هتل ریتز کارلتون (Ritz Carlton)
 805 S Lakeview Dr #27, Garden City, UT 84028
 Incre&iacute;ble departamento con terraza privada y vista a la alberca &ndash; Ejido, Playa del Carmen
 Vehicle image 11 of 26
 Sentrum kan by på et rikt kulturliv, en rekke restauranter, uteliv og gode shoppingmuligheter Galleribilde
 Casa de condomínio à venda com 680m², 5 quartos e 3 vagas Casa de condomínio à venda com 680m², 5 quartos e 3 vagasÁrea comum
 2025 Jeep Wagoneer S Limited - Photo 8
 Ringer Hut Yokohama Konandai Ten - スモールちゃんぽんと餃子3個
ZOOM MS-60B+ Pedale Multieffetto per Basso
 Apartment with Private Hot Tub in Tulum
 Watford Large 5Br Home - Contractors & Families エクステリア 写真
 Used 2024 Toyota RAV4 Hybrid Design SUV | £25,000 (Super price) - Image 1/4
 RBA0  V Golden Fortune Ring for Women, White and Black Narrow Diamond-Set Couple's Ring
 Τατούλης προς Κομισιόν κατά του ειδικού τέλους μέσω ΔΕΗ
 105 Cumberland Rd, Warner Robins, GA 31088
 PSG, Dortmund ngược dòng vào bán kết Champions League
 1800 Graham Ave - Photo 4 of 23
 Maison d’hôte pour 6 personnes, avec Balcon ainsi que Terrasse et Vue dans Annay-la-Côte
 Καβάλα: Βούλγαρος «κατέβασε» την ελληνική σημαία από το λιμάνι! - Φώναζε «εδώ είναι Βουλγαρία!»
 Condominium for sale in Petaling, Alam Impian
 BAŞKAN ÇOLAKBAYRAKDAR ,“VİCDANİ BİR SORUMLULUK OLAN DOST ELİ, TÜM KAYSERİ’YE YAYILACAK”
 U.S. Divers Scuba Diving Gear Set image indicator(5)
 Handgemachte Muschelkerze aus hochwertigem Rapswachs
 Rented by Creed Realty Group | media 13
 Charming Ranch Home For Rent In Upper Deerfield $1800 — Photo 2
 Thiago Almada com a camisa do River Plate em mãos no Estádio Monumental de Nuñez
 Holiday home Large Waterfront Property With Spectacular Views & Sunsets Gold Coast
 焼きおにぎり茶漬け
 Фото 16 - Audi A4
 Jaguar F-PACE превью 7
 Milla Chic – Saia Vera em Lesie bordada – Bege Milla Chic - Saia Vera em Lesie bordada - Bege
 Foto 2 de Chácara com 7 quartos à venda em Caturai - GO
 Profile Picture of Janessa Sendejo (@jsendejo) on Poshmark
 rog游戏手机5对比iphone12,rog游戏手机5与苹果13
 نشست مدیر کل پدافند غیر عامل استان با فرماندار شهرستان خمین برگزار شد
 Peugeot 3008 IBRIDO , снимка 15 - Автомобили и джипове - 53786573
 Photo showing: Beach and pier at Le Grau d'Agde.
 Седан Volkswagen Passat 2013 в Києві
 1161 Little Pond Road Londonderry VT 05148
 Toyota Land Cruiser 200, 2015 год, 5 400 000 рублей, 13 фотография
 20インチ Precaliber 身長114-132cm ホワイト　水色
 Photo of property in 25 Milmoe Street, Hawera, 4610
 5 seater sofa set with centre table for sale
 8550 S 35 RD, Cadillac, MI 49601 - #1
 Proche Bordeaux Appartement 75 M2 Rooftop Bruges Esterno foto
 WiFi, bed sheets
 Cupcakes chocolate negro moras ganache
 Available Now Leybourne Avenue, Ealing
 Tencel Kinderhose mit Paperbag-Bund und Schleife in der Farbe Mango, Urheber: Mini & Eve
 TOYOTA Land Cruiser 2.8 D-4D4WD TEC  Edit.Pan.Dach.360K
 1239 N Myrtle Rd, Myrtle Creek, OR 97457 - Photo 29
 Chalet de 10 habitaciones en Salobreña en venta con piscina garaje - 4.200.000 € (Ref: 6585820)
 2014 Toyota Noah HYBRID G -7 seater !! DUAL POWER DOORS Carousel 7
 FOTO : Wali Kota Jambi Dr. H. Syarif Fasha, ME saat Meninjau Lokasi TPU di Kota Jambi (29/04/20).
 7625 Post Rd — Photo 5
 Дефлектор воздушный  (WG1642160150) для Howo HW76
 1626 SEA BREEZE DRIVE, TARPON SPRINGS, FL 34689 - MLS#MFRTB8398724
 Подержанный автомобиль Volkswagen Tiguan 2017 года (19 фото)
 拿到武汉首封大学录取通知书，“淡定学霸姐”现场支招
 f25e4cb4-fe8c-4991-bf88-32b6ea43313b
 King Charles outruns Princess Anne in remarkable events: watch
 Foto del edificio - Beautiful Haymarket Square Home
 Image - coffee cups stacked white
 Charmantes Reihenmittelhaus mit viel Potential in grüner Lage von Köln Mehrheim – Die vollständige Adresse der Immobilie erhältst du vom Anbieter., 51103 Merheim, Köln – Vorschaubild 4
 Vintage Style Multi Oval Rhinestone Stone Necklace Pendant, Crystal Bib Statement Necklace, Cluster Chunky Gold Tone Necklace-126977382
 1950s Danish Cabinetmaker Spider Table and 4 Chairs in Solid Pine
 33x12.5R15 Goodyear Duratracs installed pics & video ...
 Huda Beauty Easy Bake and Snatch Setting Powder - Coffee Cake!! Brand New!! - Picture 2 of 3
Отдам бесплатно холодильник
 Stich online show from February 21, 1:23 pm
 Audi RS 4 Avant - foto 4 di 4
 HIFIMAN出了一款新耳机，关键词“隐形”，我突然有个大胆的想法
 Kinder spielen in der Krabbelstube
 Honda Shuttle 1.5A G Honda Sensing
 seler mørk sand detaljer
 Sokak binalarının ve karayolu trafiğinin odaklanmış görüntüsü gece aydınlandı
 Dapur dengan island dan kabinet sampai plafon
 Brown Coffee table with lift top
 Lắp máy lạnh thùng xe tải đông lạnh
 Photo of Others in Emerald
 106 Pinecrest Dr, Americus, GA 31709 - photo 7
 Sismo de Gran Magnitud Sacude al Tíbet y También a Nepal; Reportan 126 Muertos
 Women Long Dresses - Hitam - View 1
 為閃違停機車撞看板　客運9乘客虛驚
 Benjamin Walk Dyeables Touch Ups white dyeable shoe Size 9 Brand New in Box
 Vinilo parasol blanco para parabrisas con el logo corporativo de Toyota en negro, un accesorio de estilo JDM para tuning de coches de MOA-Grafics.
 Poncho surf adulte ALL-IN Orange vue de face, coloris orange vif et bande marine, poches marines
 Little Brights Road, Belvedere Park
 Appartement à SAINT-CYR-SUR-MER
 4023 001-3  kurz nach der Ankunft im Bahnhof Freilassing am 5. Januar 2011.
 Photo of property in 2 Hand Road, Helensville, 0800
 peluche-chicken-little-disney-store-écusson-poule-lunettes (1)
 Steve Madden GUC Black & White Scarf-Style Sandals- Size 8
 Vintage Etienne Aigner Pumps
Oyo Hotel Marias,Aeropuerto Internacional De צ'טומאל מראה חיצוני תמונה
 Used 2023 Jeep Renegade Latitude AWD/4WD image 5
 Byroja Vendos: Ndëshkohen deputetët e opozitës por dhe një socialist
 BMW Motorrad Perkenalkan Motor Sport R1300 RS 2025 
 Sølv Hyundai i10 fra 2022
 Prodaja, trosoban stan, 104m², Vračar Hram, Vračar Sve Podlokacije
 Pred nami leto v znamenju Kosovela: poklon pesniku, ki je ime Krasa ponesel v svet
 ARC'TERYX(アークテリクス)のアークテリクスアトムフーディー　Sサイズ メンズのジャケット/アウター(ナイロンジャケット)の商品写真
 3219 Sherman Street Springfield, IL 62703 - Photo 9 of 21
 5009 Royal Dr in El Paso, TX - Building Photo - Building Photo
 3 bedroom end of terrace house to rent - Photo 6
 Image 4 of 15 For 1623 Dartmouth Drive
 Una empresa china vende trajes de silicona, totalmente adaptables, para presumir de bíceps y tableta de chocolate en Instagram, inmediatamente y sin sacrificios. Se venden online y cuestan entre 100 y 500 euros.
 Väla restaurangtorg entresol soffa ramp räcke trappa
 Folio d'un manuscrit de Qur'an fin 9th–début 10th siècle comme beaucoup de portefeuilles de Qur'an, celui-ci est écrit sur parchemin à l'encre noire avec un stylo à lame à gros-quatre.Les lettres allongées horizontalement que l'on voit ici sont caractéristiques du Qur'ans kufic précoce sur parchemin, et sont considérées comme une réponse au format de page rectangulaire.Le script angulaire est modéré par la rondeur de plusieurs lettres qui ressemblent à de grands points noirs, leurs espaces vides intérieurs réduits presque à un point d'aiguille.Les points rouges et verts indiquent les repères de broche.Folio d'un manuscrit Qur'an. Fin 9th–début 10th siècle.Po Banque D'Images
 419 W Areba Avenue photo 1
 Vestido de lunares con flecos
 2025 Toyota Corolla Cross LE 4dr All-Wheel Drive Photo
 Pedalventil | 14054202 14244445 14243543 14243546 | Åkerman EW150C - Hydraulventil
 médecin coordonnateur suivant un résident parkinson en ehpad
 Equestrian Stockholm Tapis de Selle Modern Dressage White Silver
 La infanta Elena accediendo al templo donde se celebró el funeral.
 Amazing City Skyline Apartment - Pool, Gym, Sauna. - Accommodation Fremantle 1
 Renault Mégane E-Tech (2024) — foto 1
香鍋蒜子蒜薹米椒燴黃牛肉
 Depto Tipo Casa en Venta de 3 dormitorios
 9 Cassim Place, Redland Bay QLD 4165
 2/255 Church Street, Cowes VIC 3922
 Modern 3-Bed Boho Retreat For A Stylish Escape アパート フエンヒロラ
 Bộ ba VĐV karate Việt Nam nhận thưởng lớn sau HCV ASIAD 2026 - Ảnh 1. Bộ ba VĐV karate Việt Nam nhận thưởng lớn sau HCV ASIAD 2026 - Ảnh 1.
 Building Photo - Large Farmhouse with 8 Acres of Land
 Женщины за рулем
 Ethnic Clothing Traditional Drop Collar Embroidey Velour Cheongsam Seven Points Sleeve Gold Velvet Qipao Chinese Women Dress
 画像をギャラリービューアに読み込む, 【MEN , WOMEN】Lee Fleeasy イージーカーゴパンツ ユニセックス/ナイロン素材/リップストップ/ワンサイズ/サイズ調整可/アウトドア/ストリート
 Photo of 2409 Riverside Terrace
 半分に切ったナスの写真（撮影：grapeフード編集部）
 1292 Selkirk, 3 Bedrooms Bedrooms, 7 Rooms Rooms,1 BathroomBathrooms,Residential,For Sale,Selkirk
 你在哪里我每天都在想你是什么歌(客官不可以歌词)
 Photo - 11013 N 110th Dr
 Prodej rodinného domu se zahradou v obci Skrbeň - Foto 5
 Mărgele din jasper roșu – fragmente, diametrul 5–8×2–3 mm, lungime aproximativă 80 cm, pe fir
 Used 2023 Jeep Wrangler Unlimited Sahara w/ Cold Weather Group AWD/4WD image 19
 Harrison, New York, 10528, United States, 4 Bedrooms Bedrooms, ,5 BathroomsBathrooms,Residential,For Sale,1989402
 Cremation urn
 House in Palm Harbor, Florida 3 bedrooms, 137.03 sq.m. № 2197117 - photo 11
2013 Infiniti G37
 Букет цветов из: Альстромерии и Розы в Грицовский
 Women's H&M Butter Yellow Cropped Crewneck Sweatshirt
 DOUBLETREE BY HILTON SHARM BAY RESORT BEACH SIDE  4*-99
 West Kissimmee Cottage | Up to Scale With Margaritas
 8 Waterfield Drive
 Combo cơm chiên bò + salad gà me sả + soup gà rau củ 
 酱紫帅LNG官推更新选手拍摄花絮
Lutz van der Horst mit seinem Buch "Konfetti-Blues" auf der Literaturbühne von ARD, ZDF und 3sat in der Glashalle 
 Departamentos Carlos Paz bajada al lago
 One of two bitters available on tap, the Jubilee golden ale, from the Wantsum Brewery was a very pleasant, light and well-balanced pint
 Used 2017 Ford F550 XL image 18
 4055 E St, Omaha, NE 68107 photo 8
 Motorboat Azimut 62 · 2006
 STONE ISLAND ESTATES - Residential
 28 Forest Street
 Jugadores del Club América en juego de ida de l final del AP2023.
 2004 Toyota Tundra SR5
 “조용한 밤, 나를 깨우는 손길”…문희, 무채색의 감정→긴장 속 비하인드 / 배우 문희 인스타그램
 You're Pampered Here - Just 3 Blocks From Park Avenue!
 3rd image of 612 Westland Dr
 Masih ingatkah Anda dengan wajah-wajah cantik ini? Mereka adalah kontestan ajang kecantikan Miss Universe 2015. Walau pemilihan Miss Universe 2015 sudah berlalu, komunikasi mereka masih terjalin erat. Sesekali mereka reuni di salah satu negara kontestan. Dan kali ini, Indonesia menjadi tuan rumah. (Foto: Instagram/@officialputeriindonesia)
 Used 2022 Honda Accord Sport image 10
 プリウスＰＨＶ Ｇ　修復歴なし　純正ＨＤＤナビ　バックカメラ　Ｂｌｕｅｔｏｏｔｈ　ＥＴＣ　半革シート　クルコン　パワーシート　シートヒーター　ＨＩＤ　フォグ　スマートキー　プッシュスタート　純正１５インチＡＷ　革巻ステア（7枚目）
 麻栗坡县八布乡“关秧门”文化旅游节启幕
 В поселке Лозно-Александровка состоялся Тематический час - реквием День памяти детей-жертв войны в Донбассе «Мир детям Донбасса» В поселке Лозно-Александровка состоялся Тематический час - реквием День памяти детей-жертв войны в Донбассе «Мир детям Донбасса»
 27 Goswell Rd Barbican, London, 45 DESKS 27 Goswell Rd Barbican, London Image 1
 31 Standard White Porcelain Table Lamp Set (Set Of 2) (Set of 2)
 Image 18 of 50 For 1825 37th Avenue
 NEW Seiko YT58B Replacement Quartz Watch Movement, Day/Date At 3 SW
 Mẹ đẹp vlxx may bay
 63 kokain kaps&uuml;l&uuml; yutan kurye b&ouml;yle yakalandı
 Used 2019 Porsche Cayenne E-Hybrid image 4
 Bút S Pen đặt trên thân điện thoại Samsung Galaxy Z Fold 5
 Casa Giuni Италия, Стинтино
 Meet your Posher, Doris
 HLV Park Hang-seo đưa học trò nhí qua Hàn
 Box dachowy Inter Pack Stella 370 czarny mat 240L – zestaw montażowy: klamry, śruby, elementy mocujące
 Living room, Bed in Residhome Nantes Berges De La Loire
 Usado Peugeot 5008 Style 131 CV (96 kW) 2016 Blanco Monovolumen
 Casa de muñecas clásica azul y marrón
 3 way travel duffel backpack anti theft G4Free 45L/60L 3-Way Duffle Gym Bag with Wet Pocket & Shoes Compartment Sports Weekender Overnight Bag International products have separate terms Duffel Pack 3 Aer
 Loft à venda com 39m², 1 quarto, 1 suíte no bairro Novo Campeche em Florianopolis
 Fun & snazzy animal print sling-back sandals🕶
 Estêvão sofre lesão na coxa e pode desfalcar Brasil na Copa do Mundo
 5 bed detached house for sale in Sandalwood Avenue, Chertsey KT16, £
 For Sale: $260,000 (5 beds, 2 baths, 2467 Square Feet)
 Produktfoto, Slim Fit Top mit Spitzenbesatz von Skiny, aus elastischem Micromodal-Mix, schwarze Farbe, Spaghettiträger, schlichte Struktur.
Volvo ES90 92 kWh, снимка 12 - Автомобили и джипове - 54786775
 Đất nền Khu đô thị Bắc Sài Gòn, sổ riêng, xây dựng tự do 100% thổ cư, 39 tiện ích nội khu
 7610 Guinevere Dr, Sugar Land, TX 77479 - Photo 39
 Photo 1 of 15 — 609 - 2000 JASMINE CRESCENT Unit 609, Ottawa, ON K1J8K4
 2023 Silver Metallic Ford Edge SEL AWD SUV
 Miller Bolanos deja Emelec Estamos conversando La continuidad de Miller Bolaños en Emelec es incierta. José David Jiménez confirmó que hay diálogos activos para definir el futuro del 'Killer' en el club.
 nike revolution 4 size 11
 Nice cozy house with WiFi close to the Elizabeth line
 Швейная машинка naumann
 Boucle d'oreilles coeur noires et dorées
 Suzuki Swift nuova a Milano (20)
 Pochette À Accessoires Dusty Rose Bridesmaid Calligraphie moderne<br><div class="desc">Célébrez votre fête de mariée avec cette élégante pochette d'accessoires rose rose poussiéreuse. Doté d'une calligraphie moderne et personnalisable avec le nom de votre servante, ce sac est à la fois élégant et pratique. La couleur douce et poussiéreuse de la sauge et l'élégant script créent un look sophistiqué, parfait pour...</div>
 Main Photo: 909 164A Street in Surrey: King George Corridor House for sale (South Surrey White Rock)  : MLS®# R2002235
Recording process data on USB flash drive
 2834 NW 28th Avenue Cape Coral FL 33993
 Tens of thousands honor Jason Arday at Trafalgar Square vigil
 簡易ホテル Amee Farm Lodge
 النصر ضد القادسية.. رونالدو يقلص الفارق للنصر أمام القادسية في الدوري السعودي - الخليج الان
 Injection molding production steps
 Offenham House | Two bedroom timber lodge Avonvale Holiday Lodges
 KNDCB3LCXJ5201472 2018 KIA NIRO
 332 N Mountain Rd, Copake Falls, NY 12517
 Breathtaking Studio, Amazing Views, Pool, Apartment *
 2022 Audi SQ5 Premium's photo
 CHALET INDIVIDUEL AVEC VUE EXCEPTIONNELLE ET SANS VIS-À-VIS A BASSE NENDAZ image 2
= = = =
WHAT YOU NEED TO DO: Every line above from the line with "King Charles outruns" to the line with "33x12.5R15 Goodyear Duratracs" is wanted, ends included; write them out exactly and add no other line.

PROBLEM SOLUTION:
 King Charles outruns Princess Anne in remarkable events: watch
 Foto del edificio - Beautiful Haymarket Square Home
 Image - coffee cups stacked white
 Charmantes Reihenmittelhaus mit viel Potential in grüner Lage von Köln Mehrheim – Die vollständige Adresse der Immobilie erhältst du vom Anbieter., 51103 Merheim, Köln – Vorschaubild 4
 Vintage Style Multi Oval Rhinestone Stone Necklace Pendant, Crystal Bib Statement Necklace, Cluster Chunky Gold Tone Necklace-126977382
 1950s Danish Cabinetmaker Spider Table and 4 Chairs in Solid Pine
 33x12.5R15 Goodyear Duratracs installed pics & video ...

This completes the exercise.